Statistics generally defines wealth, or net worth, as the value of property and investments plus cash.
But every now and then, some boneheaded economist comes and says this is not comprehensive, not the full picture, or - ideological trigger - not the truth. The DIW folks must have felt the same and set out to calculate how much richer Germans get if you factor future pension/social security benefits into the wealth equations.
The results are wonderful. Average wealth goes up from 85,348 Euros to 176,789 Euros. The median shows an increase otherwise seen only in Ponzi schemes before collapse from 18,000 Euros to 107,392 Euros.
Now, you could pause and ask: the median net worth of Germans is only 18,000 Euros? And that's the fourth largest economy in the world?
Luckily, neither the authors of the study nor the newspaper ask this question.
The problem with including future pension/social security income into the net worth calculation is simple: you die, it is gone. Poof. Real wealth, barring hyperinflation, nuclear war and the
presidency of <insert name of your most vilified candidate here>,
continues to exist.
The other stuff, barring hyperinflation, nuclear war and the
presidency of <insert name of your most vilified candidate here>,
continues to exist.
The flimsy justification for including pension/social security benefits in the net worth is that "you can see contributions as a kind of savings".
This argument is advanced by the same economists who point out that social security is not a savings system but one in which current contributions pay for the benefits of current retirees. While some countries make an effort to have a certain amount of reserves for pay out over the next decade or two, others - like Germany - boast privileged groups that contribute zero to their future pension.

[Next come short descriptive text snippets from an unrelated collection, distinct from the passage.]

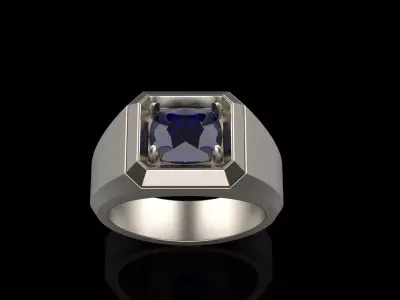 Cushion gem   man signet ring model 481 3D print model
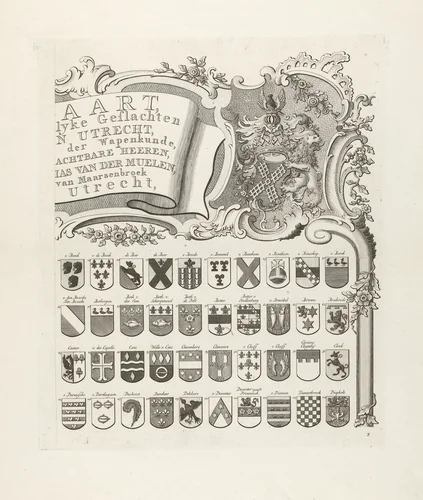 Wapenkaart van oude geslachten van Utrecht, blad rechtsboven by Johannes van Hiltrop, print, 1769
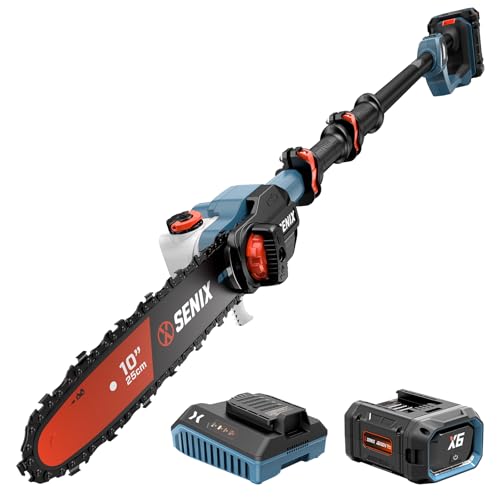 SENIX 10' Cordless Pole Saw, X6 60V Max 3.0Ah Battery Powered Pole Saw with 14ft...
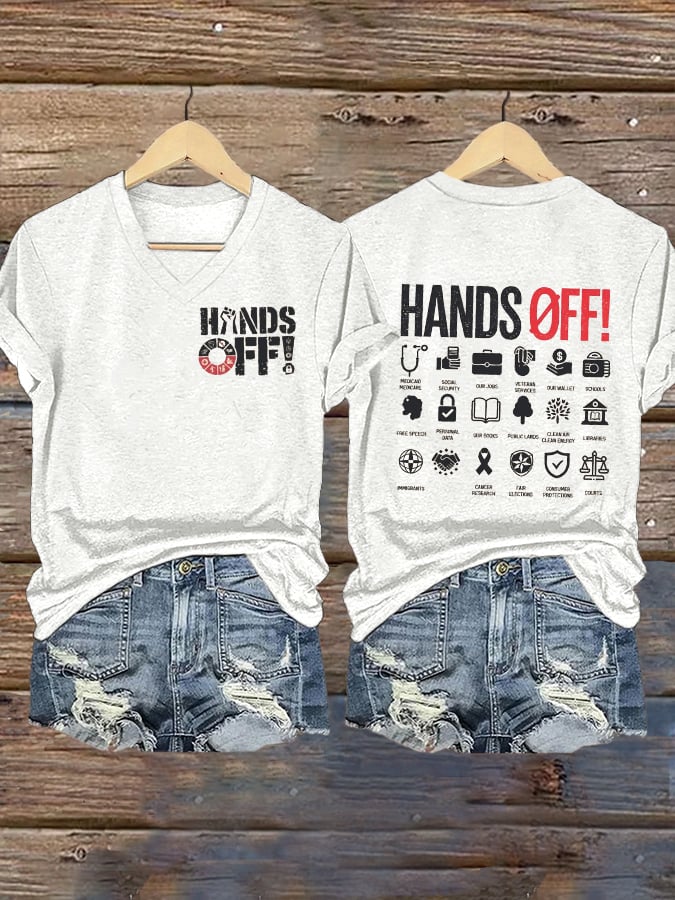 🔥Buy 3 Get 15% Off🔥Women's Casual Hands Off Printed T-Shirt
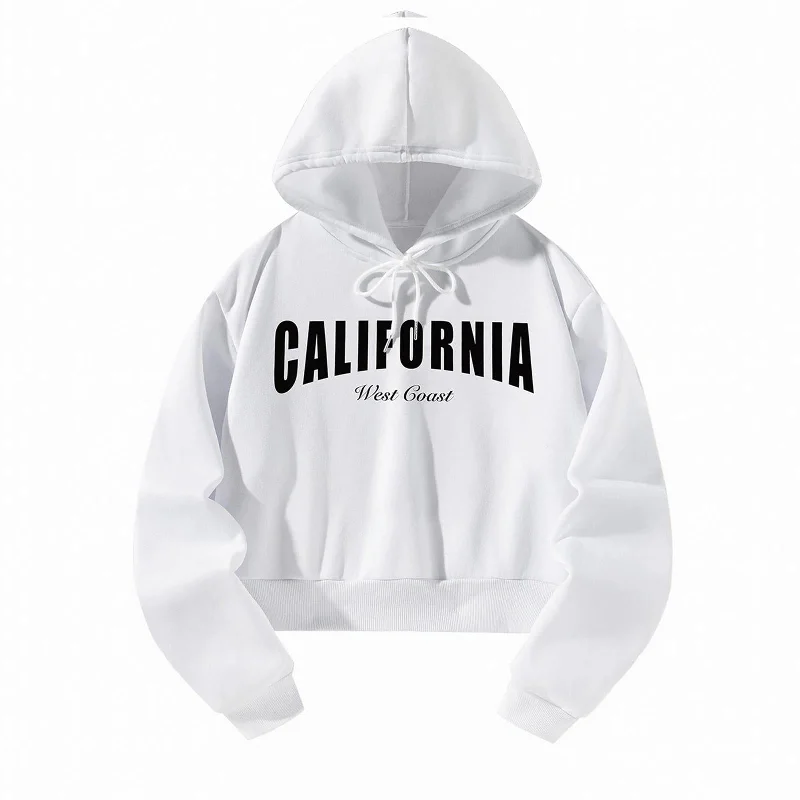 Maxbell Women's Hoodie Sweatshirt White Letter Gift Tops for Hiking Office Commuting M White Hoodie with Strings Custom Fit Adjustable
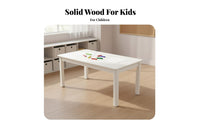 Children's Wooden Study Desk Early Education Solid Wood Kids Table Versatile Kids Learning Desk for Kindergarten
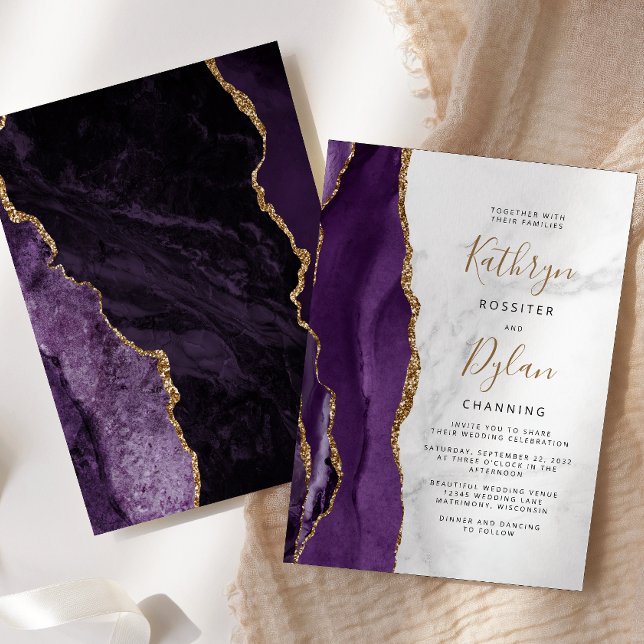 Invitación Boda de Mármol Gris Purple Gold Agate (Subido por el creador)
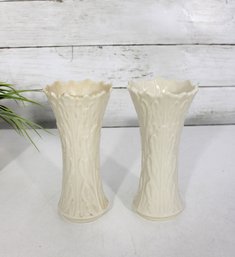 Pair Of Lenox Ivory Porcelain Bud Vase  6.5 Tall Embossed Woodland Pattern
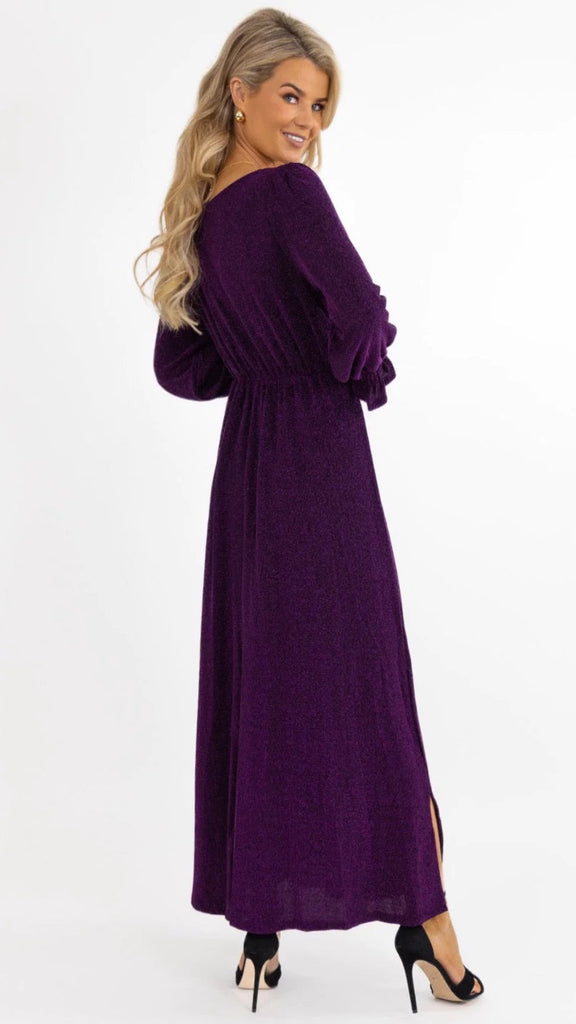 5-A1070 Purple Lurex Streasa Dress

Based on the "a kind of savings" argument, why not call everyone who plays the lotto a millionaire? I know, the TV ads already do, but that's not my point.
The odds for the jackpot are a little bit higher than surviving to 67, but for three correct numbers, they are not all that different. At least for black Americans.
The advantage of adding future pension/social security income to your current net worth is that the inequality coefficient, the Gini coefficient drops nicely from awfully bad 0.79 to plain awful 0.59.
A couple of years ago, another economist used the same funky maths to prove once and for all that German recipients of basic means tested social benefits were not poor at all. That guy said that a recipient would receive some 200 000 Euros of benefits over a period of 20 years.
How could you dare to call this person poor?
To which the blogster replied: in reality, basic means tested benefits are a subsidy for businesses and the public sector because all the money paid to the benefit recipient is spent within the following month.
If you disagree with this view, we refer you to the standards applied in defining "financing terrorism" or money laundering, where the first hop retains none or very little of the money, and the law considers the second hop the real beneficiary.
Sorry for the digression.
Be it as it may, adding potential future pension/social security benefits to your net worth is unacceptable.
If you own the median 18.000 Euros and die before pension kicks in, you are still worth only 18.000 Euros.
[Update] Clarified "future" entitlements, i.e. not current social security or retirement income. Added text "The flimsy justification..." to "for black Americans".